A PEC 200 – que atinge todas as carreiras de
servidores públicos civis - revoga o parágrafo
3º do artigo 31 da Constituição, que assegura a
promoção nas carreiras por critérios objetivos
de antiguidade e merecimento. Segundo o advogado
do CPERS/Sindicato (Centro dos Professores do
Estado), Jorge Santos Buchabqui, a supressão
desse parágrafo “permitirá que o Estado
modifique o Estatuto e todos os planos de
carreira para estabelecer quaisquer critérios
para realização de promoções”.
No mesmo artigo, também são revogados os
parágrafos 3º e 4º do artigo 33, que asseguram
gratificações e adicionais por tempo de serviço
a todos os servidores, e as Licenças Prêmios –
licenças concedidas ao servidor, de três meses
remunerados, a cada 5 anos, por assiduidade.

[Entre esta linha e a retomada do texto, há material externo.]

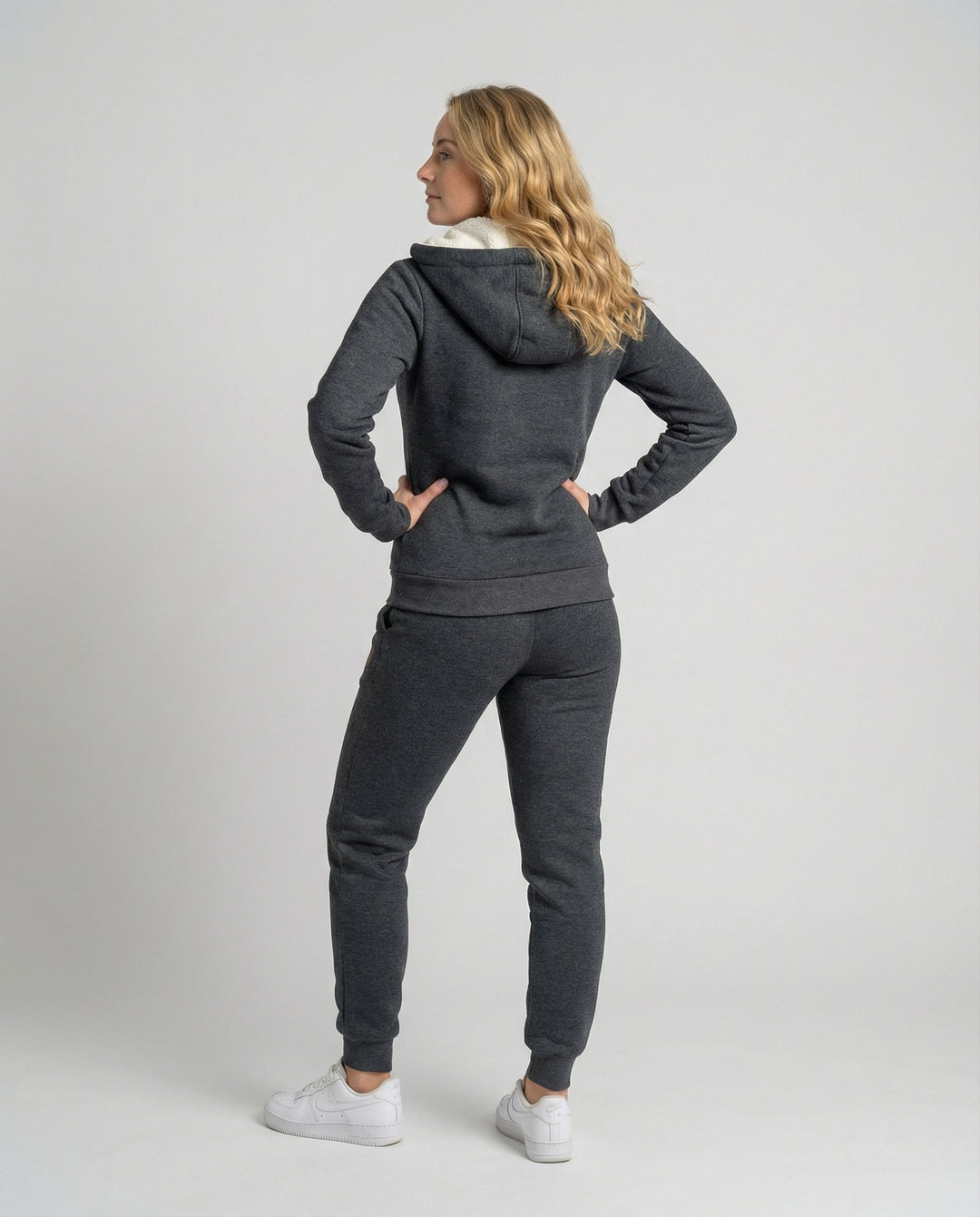 Warmer Sportlicher Jogginganzug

Entre os projetos enviados pela governadora, há
o que estabelece uma remuneração mínima de R$
1.500 para o magistério, para 40 horas semanais.
O projeto foi rejeitado pelos trabalhadores da
educação, pois, na avaliação da categoria, a
proposta desvaloriza o salário dos professores
ao estabelecer como piso estadual a soma de
todas as vantagens e benefícios pagos, e não ao
piso de fato, definido como valor fixo inicial
da carreira do magistério, ao qual são
acrescentados os benefícios e gratificações.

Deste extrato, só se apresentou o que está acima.